[[ Records shown open ]]

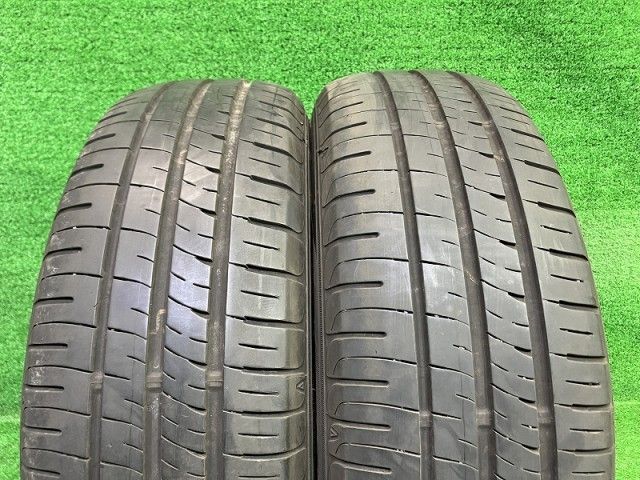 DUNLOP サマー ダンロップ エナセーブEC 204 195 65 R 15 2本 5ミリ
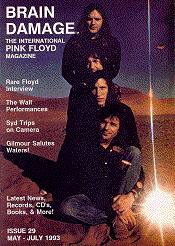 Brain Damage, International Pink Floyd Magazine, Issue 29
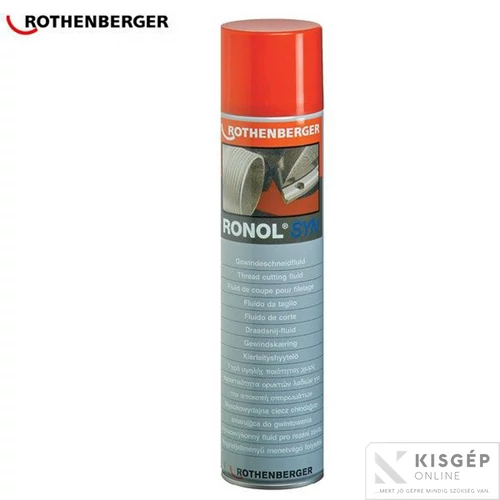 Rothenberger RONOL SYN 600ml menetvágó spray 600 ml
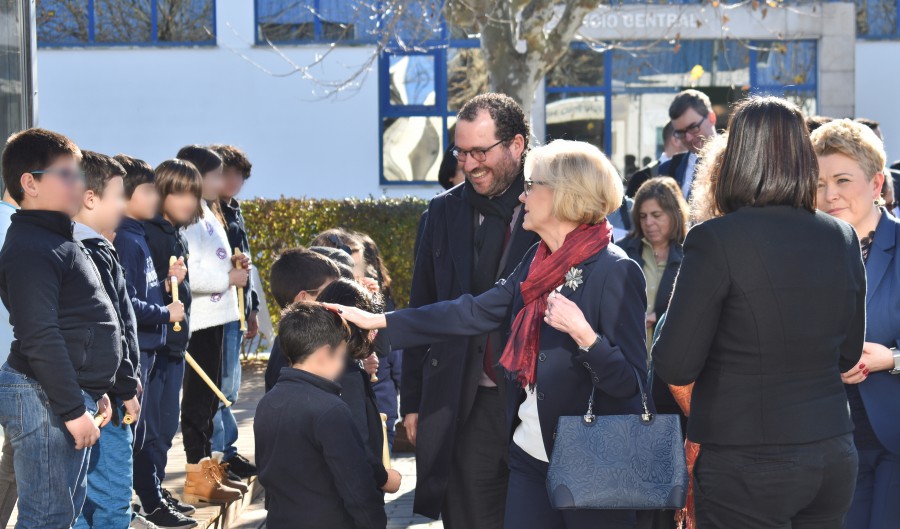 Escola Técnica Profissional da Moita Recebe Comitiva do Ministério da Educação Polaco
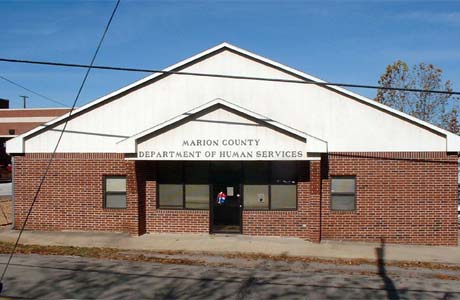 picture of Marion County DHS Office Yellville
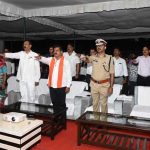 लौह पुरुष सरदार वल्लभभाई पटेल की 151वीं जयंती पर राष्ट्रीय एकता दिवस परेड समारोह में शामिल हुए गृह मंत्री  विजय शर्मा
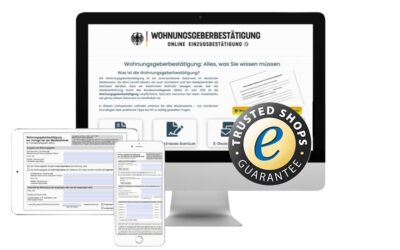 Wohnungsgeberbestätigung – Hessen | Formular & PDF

[[ Records shown closed ]]

Your objective: Without the pictures, restate each entry exactly.

Output of the exercise:
 DUNLOP サマー ダンロップ エナセーブEC 204 195 65 R 15 2本 5ミリ
 Brain Damage, International Pink Floyd Magazine, Issue 29
 Rothenberger RONOL SYN 600ml menetvágó spray 600 ml
 Escola Técnica Profissional da Moita Recebe Comitiva do Ministério da Educação Polaco
 picture of Marion County DHS Office Yellville
 लौह पुरुष सरदार वल्लभभाई पटेल की 151वीं जयंती पर राष्ट्रीय एकता दिवस परेड समारोह में शामिल हुए गृह मंत्री  विजय शर्मा
 Wohnungsgeberbestätigung – Hessen | Formular & PDF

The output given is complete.